I took my then 3 year old son to a Mets game in the summer of 1996, one of those mid-week day games (Businessman's Special). Because the crowd was so sparse, we ended up moving to seats right behind home plate. I was looking around and there was a guy with 2 or 3 really BIG guys sitting there a few rows behind me. I heard him talking, bragging that this rookie named Jeter was going to be a big star with the Yankees. I chatted him up, saying the Mets rookie shortstop was going to be even better (Um...I was SO wrong...and he couldn't have been anymore right!!!). We laughed, and it just hit me that I was "Talkin' Baseball" with the one and only Branford Marsalis.
I didn't want to let on and we just kept BS'ing about the Mets and Yankees. Finally I said "Man, you look an awful lot like Branford Marsalis." He and his boys laughed like hell, and he said he was. I told him that I was at the Coliseum shows in 90 when he played with the Boys. He replied that he "Had a LOT of fun playin' with those guys." We kept on chatting and I asked him to sign my program. He smiled and asked what my son's name was. I told him John and he signed it..."To John, Your Dad is a bigger baseball freak than me..." and signed his name. I shook his hand, thanked him and left. A GREAT memory...
I love breaking that out and looking at it once in awhile.

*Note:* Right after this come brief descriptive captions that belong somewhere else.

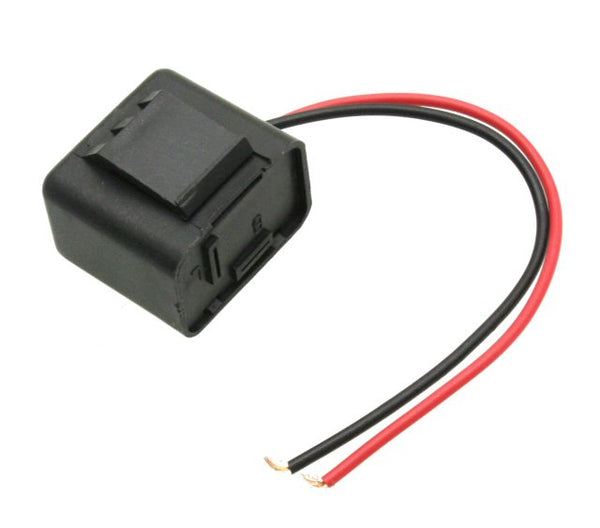 Turn Signal Relay - Silent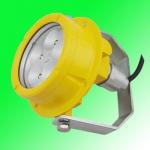 2000lm 36V 120° LED Explosion Proof Light Aluminum , Cree LED Dock Light for sale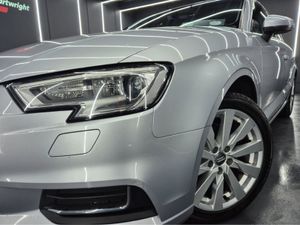 Audi A3 1.6 TDI 116 SE 4DR - Image 3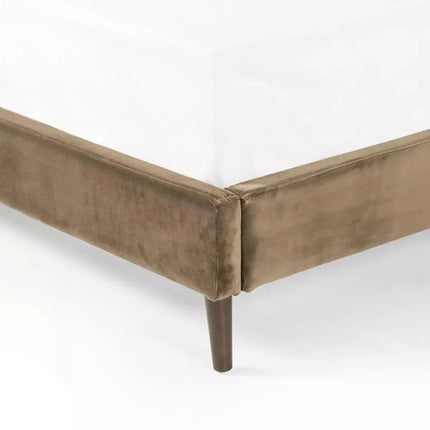 Four Hands Potter Bed
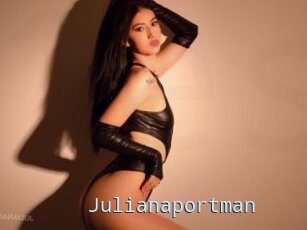 Julianaportman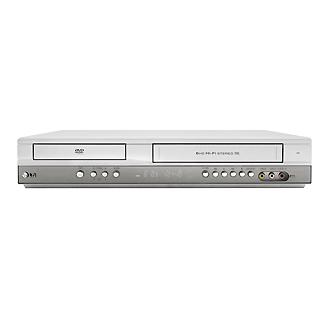 LG DV-271 Region Free DVD and Multi-System VCR Combos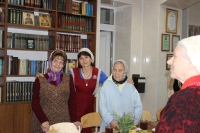 Мои года - моё богатство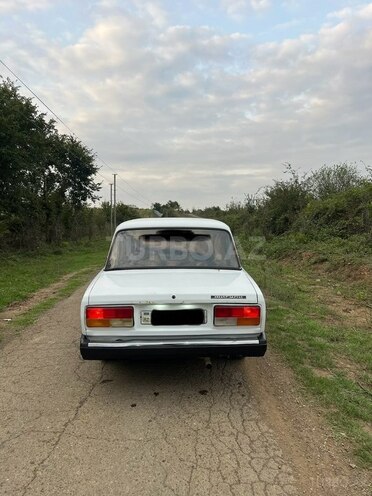 LADA (VAZ) 2107 2005, 98,605 km - 1.6 л - Masallı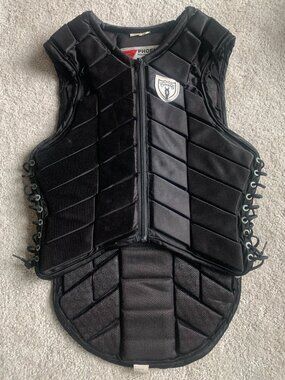Tipperary Eventing/Jumping Vest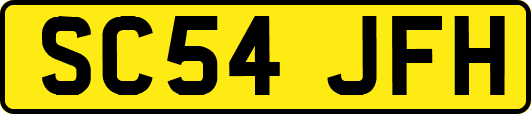 SC54JFH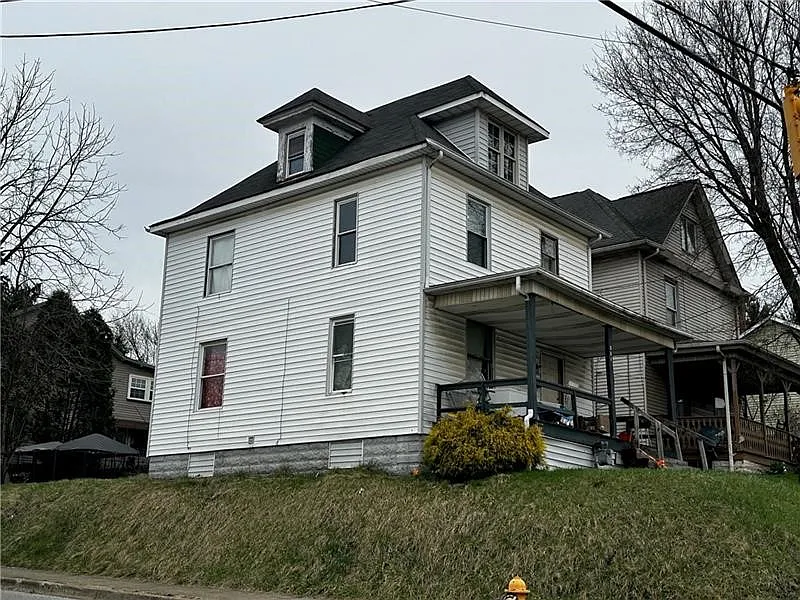801 Butler Ave photo 1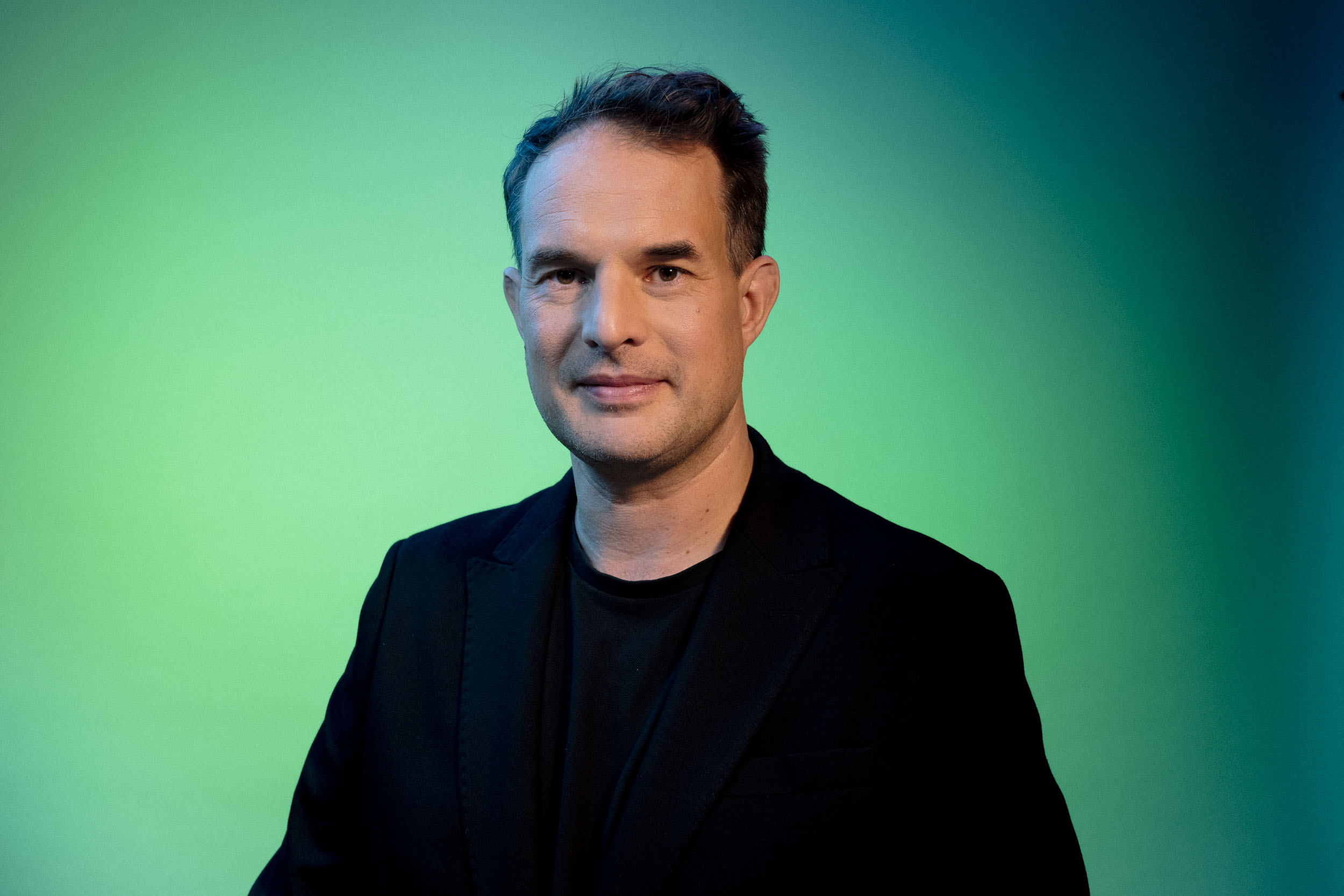 Johannes Fischer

I heard the Dead for the first time in Santa Rosa, about 50 miles north of San Francisco in the summer of '66. I had just turned 18. I heard Dylan play in the city in December of '65 and had been to the Fillmore once before but had never heard the Dead. It was an empty house but they played great---Dancin in the Streets, Good Morning Little School Girl, perhaps The Midnight Hour. The Jaywalkers, who played with them were really good too. I never heard of them again.
We met some people with The Dead and were invited down to 710 Ashbury, whenever. We visited for the first time about a week later. Phil answered the door and told us our friend wasn't there but to come in. He took us to a really nice room on the same floor and told us we could wait there. We waited. It was a beautiful room, very, very cool and full of personal things. One thing kind of worrisome----what looked like a leather biker jacket with an Angels logo on the back. We waited a long time. Phil returned once, said nothing,but picked up a glass jar and shook it at us and gave us one of those "what"s doin" looks and left. About 20 minutes later, Pigpen walked in and said "Who the Hell are you people?" You should have seen three little hippy chicks come to attention fast. It's all an upward swirling after that. We spent the afternoon on the top floor with Jerry, Phil, our friends, whoever, listening to some albums we had brought along and ended up down at Fosters or Mannings on Market Street, downtown, eating piece after piece of blackberry pie and laughing our asses off. "Just a little light".